The Elevator Game
Visual development artist, illustrator, compositor, narrative, motion & sound designer
1 3D Artist (also collaborated with narrative writing, concept development)
12 weeks (ongoing)
The Elevator Game is a narrative-driven interactive short film set in modern day East Asia, loosely based on Hong Kong. The film's premise is The Elevator Game, an urban legend popular in East Asia for being a gateway to the spirit world or, conversely, a method to summon spirits to the human world.
Adobe Audition, FL Studio, After Effects, Photoshop, Procreate, Figma, Celtx, Unreal Engine
The story revolves around A, an occult-loving teen girl who wakes up in the middle of a dreamscape with no memory of why and how she got there. Throughout the film, we follow A as she discovers how she got there, and her involvement with the death of a close friend.
This film is a mystery-thriller with horror undertones in a visual exploration of A’s grief as she walks the thin line between memories and reality trying to find her friend in the spirit world. Continue reading to learn more about the process in the making of the project, including narrative, visual, and technical development.
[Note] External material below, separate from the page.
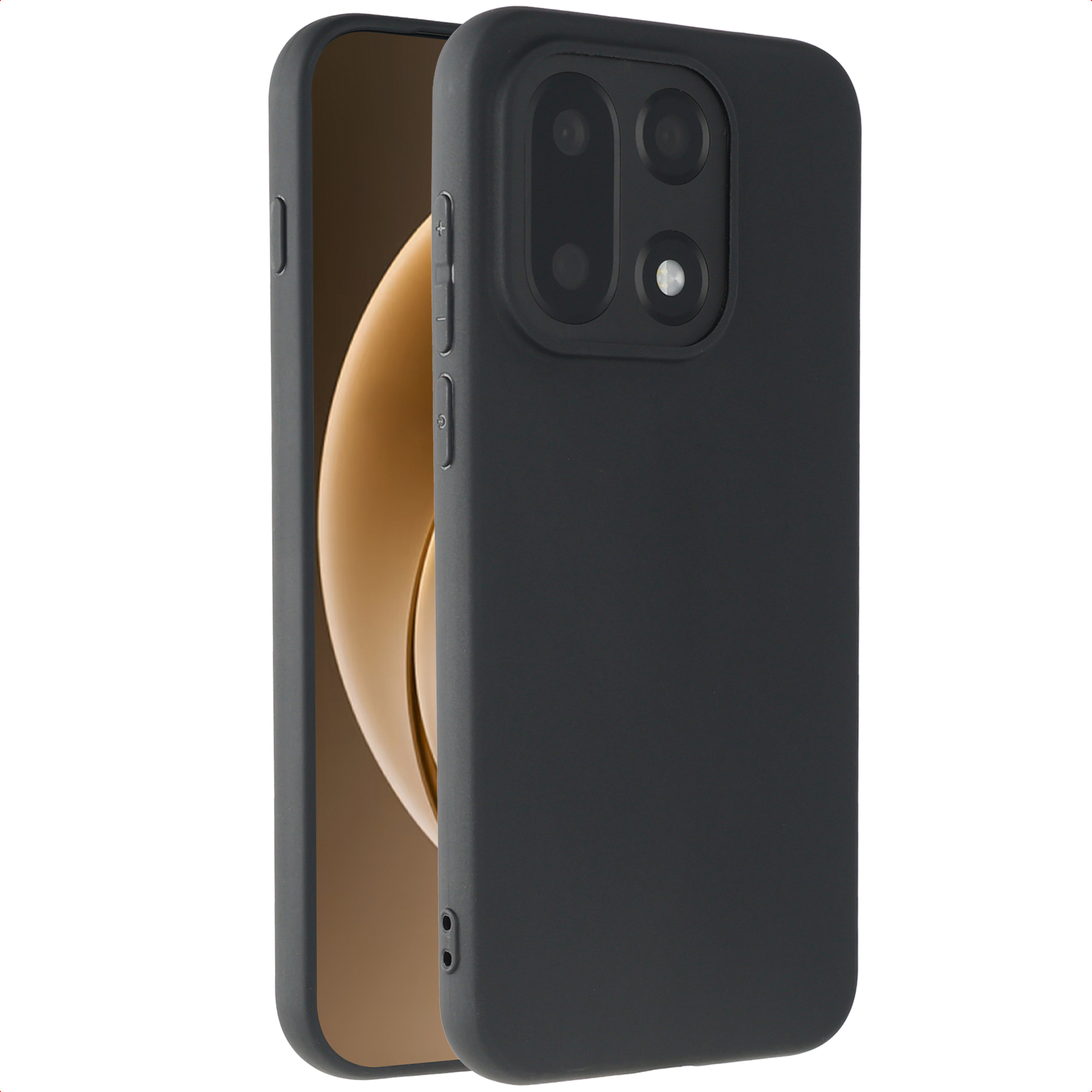 Coque de téléphone noire avec découpes caméra, en angle contre un téléphone avec dégradé marron et or.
The Elevator Game is an interactive film with a focus on narrative-driven choices through the eyes of two characters, A and B. Throughout the film, the viewer pieces together clues from each character’s point of view as they navigate the spirit world, the elevator game, and B’s cause of death. The film starts off as A wakes up alone in the middle of a desert-like dreamscape with no recollection of how or why she got there. There is nothing for miles, save for a red cross in the far distance. A sees a vision of a girl nearby, accompanied by the sound of an elevator bell. This triggers a short flashback to a brief interaction with her friend, B. When A awakens from the flashback, she accidentally cuts herself on a shard of glass buried in the sand, and blood rains from the sky. She hears the sound of an elevator bell, and sees the vision of the girl again, next to a shelter. In the shelter, A has a flashback of her and B playing the elevator game together. She realises that it was her that encouraged B to play alone first, leading to B’s death. But just how did B die? In this arc, the experience is shown from B’s point of view as she begins the ritual game and encounters a malicious entity disguised as A. After the flashback ends, A is back in the spirit world and the rain has stopped. She comes across items from her past - chrysanthemums, a card, and a stuffed toy, each one triggering different flashbacks that provide her more background on her and B’s pasts, their friendship, and their experience while playing the elevator game. In the final flashback of those items, A remembers playing the game again by herself shortly after B’s death, trying to find her again. She is brought back to the present time at the sound of the elevator bell. After the last flashback, A wakes up on her bedroom floor, leading her to believe it was all a bad dream. However, upon discovering she has no reflection in the mirror, her shock brings her back to the spirit world, where everything has turned to water. As the water rises, she tries to escape to higher ground, but is swallowed by waves. At the last second, she hears the sound of an elevator bell and is pulled to safety by the girl she saw from afar, who is revealed to be B. As A and B reunite, A expresses her regret for causing B’s death and is faced with possible outcomes - staying trapped in the spirit world, leaving unscathed, or lastly, not knowing if she was ever able to leave or not.
My team member and I were experimenting with a cinematic look and feel in UE5, and so we skewed towards conventional film aesthetics instead of a game, through DSLR camera in UE5, convolutional bloom FX, lens flare, chromatic aberration, depth of field, 21:9 cinemascope aspect ratio, film grain, hand held camera shake, and scanned textures.
In order to incorporate polished artwork and easily give the illusion of movement without drawing frame by frame animation, we decided to use puppeting in After Effects, and simulated rain with Cinema 4D. Finally, I composited everything in After Effects, adding VFX and tracking the artwork onto raw footage created in Unreal Engine.